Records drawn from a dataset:
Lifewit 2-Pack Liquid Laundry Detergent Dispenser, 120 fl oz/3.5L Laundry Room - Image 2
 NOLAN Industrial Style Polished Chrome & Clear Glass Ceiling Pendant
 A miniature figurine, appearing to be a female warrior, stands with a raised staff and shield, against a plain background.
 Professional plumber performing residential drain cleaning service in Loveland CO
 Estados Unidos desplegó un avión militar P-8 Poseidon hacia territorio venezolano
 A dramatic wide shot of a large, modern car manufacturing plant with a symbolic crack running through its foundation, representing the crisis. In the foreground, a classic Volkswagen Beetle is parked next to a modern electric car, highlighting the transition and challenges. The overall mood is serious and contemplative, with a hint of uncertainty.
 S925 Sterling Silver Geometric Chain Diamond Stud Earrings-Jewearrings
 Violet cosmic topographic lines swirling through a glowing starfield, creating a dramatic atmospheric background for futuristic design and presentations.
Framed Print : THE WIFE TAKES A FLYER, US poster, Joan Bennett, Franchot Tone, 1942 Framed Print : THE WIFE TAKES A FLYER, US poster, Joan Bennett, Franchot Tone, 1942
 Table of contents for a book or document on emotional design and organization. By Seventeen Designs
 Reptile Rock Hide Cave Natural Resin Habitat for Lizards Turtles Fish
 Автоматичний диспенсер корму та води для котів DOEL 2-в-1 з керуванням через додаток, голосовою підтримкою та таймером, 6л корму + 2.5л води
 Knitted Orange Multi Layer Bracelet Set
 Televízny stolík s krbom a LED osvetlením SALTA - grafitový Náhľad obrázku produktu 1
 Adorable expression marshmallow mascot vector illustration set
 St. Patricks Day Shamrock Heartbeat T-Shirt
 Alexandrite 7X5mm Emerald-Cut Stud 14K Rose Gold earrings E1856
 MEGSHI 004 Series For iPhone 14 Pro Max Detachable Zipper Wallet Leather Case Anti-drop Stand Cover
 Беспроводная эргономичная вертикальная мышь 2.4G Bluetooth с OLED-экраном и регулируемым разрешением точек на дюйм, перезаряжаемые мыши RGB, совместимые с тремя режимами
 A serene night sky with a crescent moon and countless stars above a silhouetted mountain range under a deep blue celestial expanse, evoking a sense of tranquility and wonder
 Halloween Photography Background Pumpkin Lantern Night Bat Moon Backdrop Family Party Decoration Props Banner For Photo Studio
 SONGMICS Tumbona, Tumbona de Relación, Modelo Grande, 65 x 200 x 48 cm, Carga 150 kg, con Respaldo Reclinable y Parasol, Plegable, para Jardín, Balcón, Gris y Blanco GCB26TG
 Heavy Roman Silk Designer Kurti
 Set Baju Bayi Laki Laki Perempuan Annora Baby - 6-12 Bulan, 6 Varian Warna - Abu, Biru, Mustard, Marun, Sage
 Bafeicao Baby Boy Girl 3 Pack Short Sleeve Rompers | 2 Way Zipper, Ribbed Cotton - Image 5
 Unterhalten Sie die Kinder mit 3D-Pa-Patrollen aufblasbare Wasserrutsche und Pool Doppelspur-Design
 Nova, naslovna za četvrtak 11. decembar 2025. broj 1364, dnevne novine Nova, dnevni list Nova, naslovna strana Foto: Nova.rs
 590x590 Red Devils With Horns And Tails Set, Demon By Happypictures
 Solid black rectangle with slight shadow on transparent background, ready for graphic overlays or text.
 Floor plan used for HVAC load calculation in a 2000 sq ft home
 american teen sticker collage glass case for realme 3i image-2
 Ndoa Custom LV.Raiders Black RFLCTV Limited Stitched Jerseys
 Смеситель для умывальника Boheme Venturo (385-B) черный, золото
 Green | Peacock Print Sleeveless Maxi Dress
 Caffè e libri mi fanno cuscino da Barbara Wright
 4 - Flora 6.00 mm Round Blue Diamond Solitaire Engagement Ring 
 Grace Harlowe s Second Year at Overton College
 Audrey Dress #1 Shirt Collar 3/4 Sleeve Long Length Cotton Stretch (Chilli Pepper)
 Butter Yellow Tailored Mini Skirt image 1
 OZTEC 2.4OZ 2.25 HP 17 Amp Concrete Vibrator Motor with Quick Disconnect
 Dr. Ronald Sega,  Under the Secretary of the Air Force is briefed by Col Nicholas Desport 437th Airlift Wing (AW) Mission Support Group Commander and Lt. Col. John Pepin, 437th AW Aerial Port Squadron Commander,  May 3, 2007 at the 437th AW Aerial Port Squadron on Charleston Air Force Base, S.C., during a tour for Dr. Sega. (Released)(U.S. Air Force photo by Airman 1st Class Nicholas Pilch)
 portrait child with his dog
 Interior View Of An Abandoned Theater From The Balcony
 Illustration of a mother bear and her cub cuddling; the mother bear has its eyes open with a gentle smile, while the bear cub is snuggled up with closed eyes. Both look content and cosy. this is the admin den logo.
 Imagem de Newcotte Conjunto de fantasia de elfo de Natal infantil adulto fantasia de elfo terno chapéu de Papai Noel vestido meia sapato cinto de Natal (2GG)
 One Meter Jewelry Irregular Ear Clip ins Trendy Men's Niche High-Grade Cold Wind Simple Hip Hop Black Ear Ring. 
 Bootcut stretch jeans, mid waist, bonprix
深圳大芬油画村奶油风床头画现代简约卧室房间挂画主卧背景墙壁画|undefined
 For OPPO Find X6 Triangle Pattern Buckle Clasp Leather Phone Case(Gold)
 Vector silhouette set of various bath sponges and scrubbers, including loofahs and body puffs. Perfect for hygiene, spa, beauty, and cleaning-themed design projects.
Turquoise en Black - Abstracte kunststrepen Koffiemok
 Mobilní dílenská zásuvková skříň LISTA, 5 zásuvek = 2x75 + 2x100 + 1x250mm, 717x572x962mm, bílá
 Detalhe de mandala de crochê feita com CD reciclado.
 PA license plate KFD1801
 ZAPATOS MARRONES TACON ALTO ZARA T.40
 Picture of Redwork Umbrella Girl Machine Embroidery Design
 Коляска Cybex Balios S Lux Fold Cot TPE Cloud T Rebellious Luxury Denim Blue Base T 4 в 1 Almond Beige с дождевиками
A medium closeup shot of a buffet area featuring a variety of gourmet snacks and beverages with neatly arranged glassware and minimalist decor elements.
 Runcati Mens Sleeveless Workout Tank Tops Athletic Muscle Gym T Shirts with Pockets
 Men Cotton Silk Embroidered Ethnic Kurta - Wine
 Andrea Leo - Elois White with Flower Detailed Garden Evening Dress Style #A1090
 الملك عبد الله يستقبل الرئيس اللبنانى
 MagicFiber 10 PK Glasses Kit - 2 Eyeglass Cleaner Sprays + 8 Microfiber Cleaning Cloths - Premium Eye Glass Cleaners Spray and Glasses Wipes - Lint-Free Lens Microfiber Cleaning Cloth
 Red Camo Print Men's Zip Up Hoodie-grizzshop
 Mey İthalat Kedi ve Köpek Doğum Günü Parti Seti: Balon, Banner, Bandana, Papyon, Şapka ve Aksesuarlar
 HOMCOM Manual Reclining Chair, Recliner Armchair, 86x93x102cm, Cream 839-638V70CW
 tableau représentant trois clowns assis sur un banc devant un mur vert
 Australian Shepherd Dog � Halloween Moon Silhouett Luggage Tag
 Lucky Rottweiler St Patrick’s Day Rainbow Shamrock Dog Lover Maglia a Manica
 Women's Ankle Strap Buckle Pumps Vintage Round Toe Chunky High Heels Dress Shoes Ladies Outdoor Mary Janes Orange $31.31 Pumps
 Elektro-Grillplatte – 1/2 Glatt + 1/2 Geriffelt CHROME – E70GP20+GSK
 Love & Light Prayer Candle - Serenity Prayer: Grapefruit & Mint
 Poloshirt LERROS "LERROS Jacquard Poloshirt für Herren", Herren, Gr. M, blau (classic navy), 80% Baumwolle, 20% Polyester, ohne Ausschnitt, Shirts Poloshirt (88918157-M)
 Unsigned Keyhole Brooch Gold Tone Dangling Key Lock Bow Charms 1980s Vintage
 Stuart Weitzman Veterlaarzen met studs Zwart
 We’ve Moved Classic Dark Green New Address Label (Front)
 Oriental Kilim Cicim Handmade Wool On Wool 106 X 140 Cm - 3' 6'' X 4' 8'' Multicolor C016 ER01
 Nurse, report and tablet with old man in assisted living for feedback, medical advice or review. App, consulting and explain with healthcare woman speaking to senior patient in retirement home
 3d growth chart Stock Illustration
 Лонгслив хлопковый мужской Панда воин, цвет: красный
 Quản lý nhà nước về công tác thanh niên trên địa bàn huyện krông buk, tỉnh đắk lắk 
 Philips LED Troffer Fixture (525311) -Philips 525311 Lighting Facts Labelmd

**What needs to be done**
Once you find the line with "Caffè e libri" in the entries above, output it and each line after it up to and including the line with "OZTEC 2.4OZ 2.25", and nothing else.

**Finished task**
 Caffè e libri mi fanno cuscino da Barbara Wright
 4 - Flora 6.00 mm Round Blue Diamond Solitaire Engagement Ring 
 Grace Harlowe s Second Year at Overton College
 Audrey Dress #1 Shirt Collar 3/4 Sleeve Long Length Cotton Stretch (Chilli Pepper)
 Butter Yellow Tailored Mini Skirt image 1
 OZTEC 2.4OZ 2.25 HP 17 Amp Concrete Vibrator Motor with Quick Disconnect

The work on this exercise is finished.